ANTIBODIES OF ABO BLOOD GROUP SYSTEM

In the ABO blood group system, naturally occurring IgM anti-A and anti-B are present in the serum in the absence of the corresponding red cell antigen.

Although described as naturally occurring (allo-) antibodies, anti-A and anti-B are not detectable in the blood of newborn infants. The antibodies become detectable at about 3 months of age following exposure to A and B like substances present in the environment e.g. in bacteria and some foods.

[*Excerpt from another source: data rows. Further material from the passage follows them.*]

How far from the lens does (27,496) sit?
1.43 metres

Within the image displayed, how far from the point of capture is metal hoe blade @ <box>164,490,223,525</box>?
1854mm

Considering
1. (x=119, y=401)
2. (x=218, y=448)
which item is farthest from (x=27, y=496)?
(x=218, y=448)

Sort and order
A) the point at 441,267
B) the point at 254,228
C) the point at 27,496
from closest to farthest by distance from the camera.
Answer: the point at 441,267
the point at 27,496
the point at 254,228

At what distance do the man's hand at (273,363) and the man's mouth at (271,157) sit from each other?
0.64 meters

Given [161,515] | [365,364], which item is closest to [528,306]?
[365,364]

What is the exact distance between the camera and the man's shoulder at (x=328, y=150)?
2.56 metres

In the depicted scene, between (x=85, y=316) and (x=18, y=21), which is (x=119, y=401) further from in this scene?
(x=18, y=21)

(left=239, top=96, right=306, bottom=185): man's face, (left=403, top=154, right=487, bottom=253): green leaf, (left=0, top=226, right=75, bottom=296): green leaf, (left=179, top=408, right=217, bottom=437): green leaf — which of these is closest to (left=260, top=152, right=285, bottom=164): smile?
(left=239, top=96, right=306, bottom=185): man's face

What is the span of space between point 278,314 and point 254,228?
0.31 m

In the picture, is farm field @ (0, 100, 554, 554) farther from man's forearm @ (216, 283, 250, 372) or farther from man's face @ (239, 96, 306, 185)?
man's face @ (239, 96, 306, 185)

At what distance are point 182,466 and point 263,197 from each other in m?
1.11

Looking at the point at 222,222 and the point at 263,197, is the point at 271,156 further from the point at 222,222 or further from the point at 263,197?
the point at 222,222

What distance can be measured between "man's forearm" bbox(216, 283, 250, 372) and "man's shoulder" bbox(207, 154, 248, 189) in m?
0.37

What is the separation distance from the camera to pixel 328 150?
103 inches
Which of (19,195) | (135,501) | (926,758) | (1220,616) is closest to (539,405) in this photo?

As a person gets older the concentration of naturally occurring anti-A and anti-B in the blood becomes less and these antibodies may be difficult to detect in the serum of some elderly patients.

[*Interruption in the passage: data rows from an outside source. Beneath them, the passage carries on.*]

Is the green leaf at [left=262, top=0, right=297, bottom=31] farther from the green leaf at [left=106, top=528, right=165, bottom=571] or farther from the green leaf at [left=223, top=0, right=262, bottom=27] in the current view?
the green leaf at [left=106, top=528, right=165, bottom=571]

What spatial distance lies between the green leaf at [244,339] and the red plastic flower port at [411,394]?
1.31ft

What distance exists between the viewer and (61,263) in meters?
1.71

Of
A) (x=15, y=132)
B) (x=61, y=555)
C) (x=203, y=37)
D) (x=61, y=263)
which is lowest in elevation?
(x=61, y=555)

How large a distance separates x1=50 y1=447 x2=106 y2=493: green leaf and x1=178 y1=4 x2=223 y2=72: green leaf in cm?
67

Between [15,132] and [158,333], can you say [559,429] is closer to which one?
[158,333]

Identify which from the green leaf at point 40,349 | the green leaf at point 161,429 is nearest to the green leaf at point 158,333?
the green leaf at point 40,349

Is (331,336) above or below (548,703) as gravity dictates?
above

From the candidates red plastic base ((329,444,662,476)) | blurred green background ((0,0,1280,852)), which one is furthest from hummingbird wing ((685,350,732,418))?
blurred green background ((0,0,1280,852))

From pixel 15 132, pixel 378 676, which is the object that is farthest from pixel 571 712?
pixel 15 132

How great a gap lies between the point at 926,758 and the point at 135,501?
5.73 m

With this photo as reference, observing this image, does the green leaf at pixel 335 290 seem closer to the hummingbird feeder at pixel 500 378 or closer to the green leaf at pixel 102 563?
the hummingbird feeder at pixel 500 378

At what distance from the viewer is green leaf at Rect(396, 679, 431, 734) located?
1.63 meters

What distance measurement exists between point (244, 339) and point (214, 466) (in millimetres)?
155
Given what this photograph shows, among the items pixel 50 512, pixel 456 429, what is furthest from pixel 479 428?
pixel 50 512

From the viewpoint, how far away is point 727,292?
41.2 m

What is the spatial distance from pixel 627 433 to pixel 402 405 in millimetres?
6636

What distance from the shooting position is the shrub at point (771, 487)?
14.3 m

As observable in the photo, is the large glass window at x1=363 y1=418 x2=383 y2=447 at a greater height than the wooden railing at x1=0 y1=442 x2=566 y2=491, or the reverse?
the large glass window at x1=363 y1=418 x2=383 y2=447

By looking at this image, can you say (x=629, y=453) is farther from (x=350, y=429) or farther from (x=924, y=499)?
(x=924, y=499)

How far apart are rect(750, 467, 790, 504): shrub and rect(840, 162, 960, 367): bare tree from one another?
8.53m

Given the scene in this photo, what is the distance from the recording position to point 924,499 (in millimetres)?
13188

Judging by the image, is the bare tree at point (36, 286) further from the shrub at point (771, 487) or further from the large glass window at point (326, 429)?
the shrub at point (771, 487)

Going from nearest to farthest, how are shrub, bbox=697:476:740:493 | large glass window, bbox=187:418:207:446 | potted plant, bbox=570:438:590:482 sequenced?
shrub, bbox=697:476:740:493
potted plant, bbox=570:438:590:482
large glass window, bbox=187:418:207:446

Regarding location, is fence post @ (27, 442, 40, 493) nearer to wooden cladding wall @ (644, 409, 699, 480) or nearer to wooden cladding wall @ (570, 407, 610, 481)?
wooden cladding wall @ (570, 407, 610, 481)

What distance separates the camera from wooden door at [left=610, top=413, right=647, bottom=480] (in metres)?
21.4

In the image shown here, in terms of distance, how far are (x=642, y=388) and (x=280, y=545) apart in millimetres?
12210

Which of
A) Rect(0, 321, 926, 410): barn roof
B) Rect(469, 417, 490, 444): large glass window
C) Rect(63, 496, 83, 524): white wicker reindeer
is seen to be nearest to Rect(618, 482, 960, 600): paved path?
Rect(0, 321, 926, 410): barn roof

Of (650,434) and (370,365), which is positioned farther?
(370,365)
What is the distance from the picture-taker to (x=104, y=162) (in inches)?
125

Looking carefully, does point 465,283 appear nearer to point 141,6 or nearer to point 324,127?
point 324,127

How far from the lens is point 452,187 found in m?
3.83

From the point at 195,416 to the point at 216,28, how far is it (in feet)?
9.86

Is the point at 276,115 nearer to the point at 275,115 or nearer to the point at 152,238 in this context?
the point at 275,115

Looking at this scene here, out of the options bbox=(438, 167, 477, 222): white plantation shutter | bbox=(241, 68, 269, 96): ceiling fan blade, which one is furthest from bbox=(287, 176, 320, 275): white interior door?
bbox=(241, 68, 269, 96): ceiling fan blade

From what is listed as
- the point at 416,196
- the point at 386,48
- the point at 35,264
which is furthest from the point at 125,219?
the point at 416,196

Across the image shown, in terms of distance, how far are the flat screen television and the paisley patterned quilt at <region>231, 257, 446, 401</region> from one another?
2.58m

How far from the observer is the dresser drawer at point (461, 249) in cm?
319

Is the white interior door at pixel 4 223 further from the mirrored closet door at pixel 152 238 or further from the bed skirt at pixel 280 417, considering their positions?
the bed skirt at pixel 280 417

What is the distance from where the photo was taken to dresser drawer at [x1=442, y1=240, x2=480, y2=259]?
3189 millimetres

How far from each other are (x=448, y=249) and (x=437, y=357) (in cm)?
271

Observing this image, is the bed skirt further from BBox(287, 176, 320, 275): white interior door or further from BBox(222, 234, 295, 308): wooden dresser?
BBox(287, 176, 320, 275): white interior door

Occasionally IgG hyperimmune anti-A and anti-B can be found in the serum of group O persons in response to stimulation by A and B like antigens in the environment, and following pregnancy, or the injection of some vaccines or toxoids. In tropical
countries it is common to find lytic IgG anti-A, anti-B, or both in the fresh serum of up to 50% group O persons. Lytic anti-A is also found in group B persons and lytic anti-B in group A persons (about
25% of sera).

Serious haemolytic reactions can occur when Group O whole blood containing anti-A and anti-B haemolysins is used to transfuse non-group O persons. Immune IgG lytic anti-A and anti-B can cross the placenta and cause ABO haemolytic
disease of the newborn (HDN).

GENERAL GUIDELINES FOR BLOOD TRANSFUSION

Blood is used only when it is absolutely necessary after a careful clinical assessment and measurement of a patient’s haemoglobin (or PCV).

It is inappropriate to use blood to treat patients with:

  • Stable anaemia without signs of heart failure or respiratory distress which can be treated by other means.
  • Acute blood loss when it is possible to use replacement fluids (crystalloids or colloids) to maintain blood pressure and oxygenation.

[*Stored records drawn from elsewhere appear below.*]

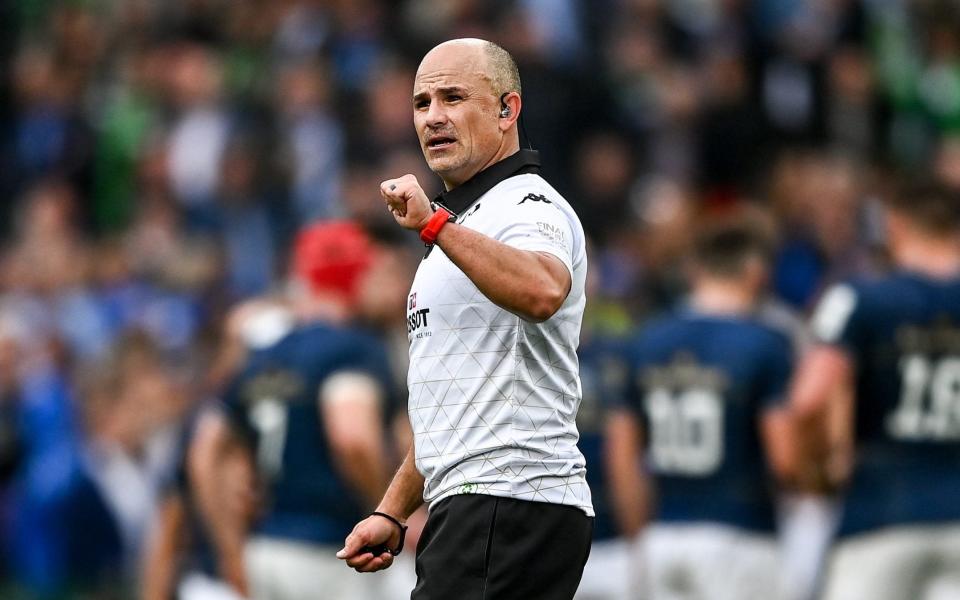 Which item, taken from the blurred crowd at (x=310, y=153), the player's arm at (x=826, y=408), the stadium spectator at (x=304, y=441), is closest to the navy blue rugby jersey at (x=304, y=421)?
the stadium spectator at (x=304, y=441)

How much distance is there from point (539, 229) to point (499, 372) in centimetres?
42

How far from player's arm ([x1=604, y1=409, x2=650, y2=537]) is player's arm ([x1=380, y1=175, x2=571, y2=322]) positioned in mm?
4750

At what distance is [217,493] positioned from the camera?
8.55m

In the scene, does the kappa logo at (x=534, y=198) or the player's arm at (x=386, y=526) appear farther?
the player's arm at (x=386, y=526)

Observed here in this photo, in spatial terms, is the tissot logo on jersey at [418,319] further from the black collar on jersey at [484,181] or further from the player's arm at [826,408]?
the player's arm at [826,408]

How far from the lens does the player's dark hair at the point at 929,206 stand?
26.1 feet

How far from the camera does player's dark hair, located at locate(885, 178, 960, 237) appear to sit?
7.96 metres

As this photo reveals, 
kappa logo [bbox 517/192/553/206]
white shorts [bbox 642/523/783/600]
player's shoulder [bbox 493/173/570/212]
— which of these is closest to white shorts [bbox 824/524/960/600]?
white shorts [bbox 642/523/783/600]

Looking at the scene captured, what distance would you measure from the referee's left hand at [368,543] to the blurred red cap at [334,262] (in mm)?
3705

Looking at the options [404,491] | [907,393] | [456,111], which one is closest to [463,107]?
[456,111]

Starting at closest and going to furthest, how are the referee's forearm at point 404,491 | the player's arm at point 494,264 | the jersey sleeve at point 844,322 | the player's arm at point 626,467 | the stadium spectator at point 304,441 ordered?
the player's arm at point 494,264, the referee's forearm at point 404,491, the jersey sleeve at point 844,322, the stadium spectator at point 304,441, the player's arm at point 626,467

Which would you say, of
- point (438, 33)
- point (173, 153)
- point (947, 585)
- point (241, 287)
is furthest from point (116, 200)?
point (947, 585)

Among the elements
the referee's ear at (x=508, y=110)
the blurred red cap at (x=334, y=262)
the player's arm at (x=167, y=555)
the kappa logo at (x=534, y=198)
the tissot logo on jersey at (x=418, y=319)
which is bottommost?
the player's arm at (x=167, y=555)

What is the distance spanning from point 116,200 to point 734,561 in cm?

Recipients may be placed at high risk when using blood that;

  • Has been collected from a high risk donor.
  • Has not been collected aseptically using a sterile technique.
  • Has not been transported or stored correctly.
  • Has not been screened for important pathogens using sensitive assays.
  • Has not been typed (grouped) and compatibility tested correctly using standardized controlled procedures.

Measures taken to reduce the need for blood transfusion

  • Reducing the prevalence and severity of anaemia, particularly among pregnant and young children.
  • Avoiding obstetric related haemorrhages by improving antenatal care and attendance at clinics. Implementing effective malaria control.
  • Using health education to improve nutrition and awareness of the causes of anaemia and its prevention.
  • Reducing blood loss during surgery and ensuring alternatives to blood are available

BACTERIALLY CONTAMINATED BLOOD

Bacterially contaminated blood
Transfusion of bacterially contaminated blood can cause fever, shock, collapse and death.

Blood most commonly becomes bacterially contaminated at the time it is collected when the venepuncture site is not
cleansed sufficiently or when a non-sterile blood collection set or blood collecting bag is used.

Blood must always be examined for signs of contamination at the time of use, i.e. when collected from the blood bank and at the patient’s bedside.

When grossly contaminated, blood appears haemolyzed and dark in colour. Some bacteria also cause clotting.

Bacteria which commonly contaminate blood are able to multiply in refrigerated blood.